L’homme – je crois – se savait précaire de position, avait ces collaborateurs de confiance, celui qui me recevait en son nom, ou celui qui nous accompagna, un jour des deux ans d’opposition, pour un moment à Europe 1. Il ne me fallut pas beaucoup de recul pour voir que tous le desservaient d’image et souvent d’exécution dans ses projets et lui survivraient. L’histoire a été sans doute écrite de ces gens de haut parcours qui plus tard font oublier, explicitement, la grandeur et la conviction qu’ils auraient dû recevoir en passant du temps et en vivant la vie de celui qui les avait placé en bonne orbite. J’ai regretté et continue de pleurer de n’avoir pu l’entourer, surtout quand le pouvoir lui fut retiré.

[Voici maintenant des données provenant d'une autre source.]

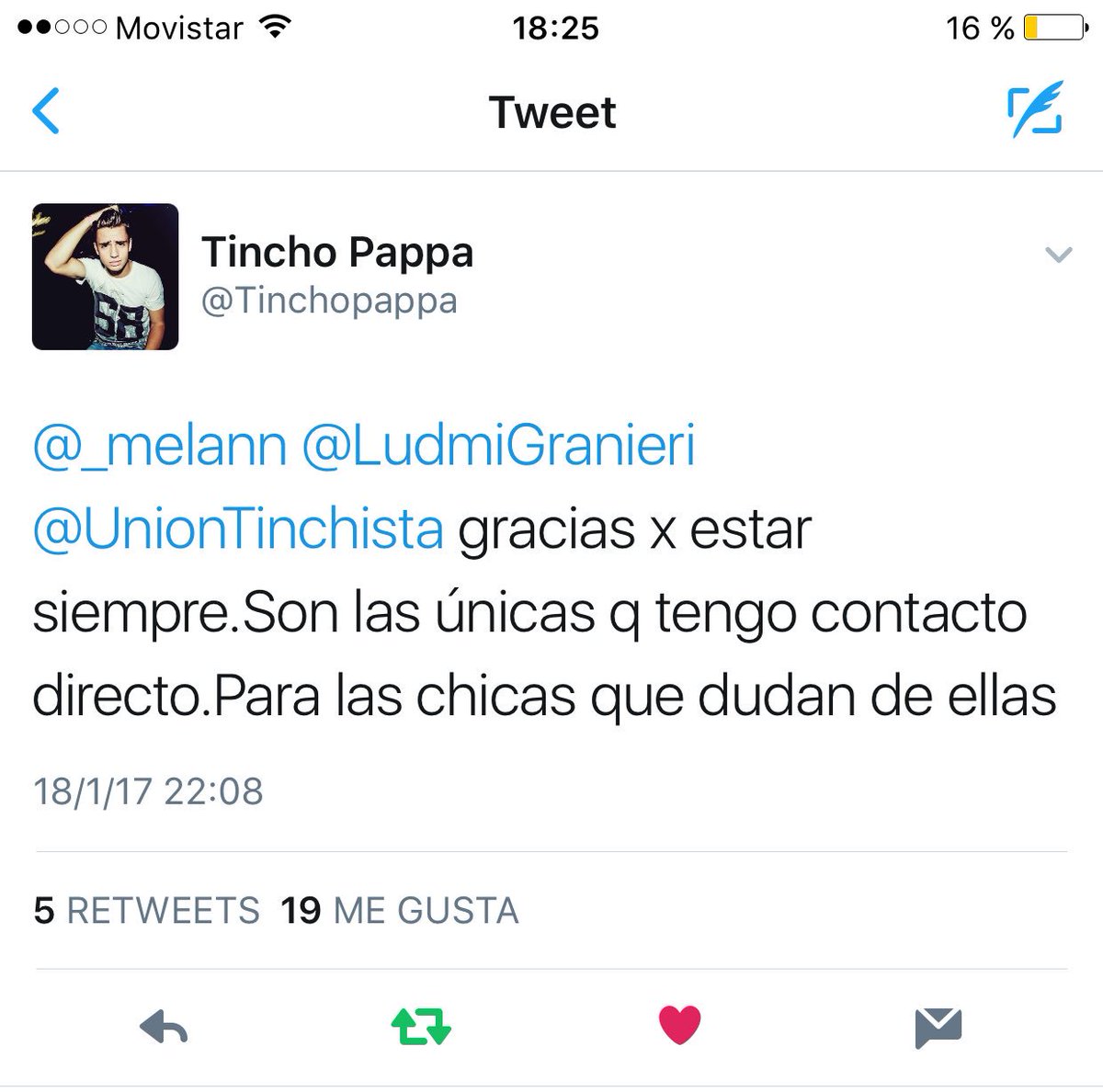 UnionTinchista's tweet photo. Cosas que nunca vamos a olvidar te amamos @Tinchopappa ❤️😍
@_melann @LudmiGranieri https://t.co/TfiYIu0YQX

Une rechute de santé, au Kazakhstan tant je me donnais à ma nouvelle mission, comme jamais auparavant dans mon exercice professionnel, me fait venir à Paris en urgence. C’est sur mon lit d’hôpital que se décida la visite présidentielle dans mon royaume d’affectation. Le mot avait été déjà celui de François Mitterand lors de beaucoup d’aparte pendant son voyage au Brésil. J’aime être serviteur, quand – en servant un homme de position certes, mais d’exception par l’indépendance et la complétude du caractère – je sers manifestement notre pays, le bien commun, toujours bénis de Dieu et de l’Histoire. La vérité est que je n’ai jamais atteint cette utilité, que je l’attends encore de ma présente tentative de faire campagne puis d’y durer en manière de tribun du peuple, à la disposition de tous ceux qui voudront – vous-même ? – se servir de mon truchement et de la voie ouverte. Pierre Bérégovoy m’inspira donc la sensation forte et vraie que nous étions frères, sans qu’il y ait à distinguer des niveaux, frères dans le goût et – je le crois immodestement – dans la capacité de servir. Ce fut aussi le mot, dans les dernières de sa vie, de Bernard Tricot : servir encore, quoiqu’à l’agonie. En cela, il avait été comblé mais avait été si utile, sans recherche.
Je vécus intensément l’hommage national qui lui fut rendu sous ma fenêtre d’alité au Val de Grâce [8], le matin de sa mort, si elle eut lieu là. La veille, de minute en minute, les médias rendaient compte du drame survenu inopinément au bord d’une eau familière, un 1er Mai 1993, puis du transfert de Nevers à Paris. Selon que le présentateur parlait de la Nièvre ou qu’un confrère attendait à Paris, les versions étaient différentes. Au petit matin, j’allais, en roulant l’arbre qui balançait mes perfusions, jusqu’à la grande salle au fond de laquelle, au rez-de-chaussée de l’hôpital, était exposé le corps. Je ne m’en suis pas approché, de la famille arrivait par une autre porte. Peut-être vingt ou trente mille personnes défilèrent ensuite, en contre-bas, la vue sur l’église d’Anne d’Autriche, les files épaisses et silencieuses en premier plan, le troisième tour, solide et fervent, triste mais assuré, des élections législatives que Pierre Bérégovoy, appelé bien trop tard à la tête d’un gouvernement pas assez adéquat depuis le retour de la gauche à la fortune politique, n’avait pu faire gagner à des militants inconsolables. Un article dans Le Monde avait donné – sous sa propre signature – l’épitaphe juste. La gauche meurt quand, au gouvernement, elle ne demeure pas assez elle-même, tandis que la droite n’a pas besoin d’étiquette ni de référence pour s’adonner au pouvoir. Sur la tombe, il n’est écrit que l’interrogation désespérée de sa femme. Ma casquette, de bonne confection américaine, achetée en même temps ou presque la médaille commémorant Kennedy, que j’avais posée à mes pieds devant la dalle, y resta car j’oubliais tout, sauf cette présence et ce regard que n’ont jamais embarrassé des verres discordants et épais.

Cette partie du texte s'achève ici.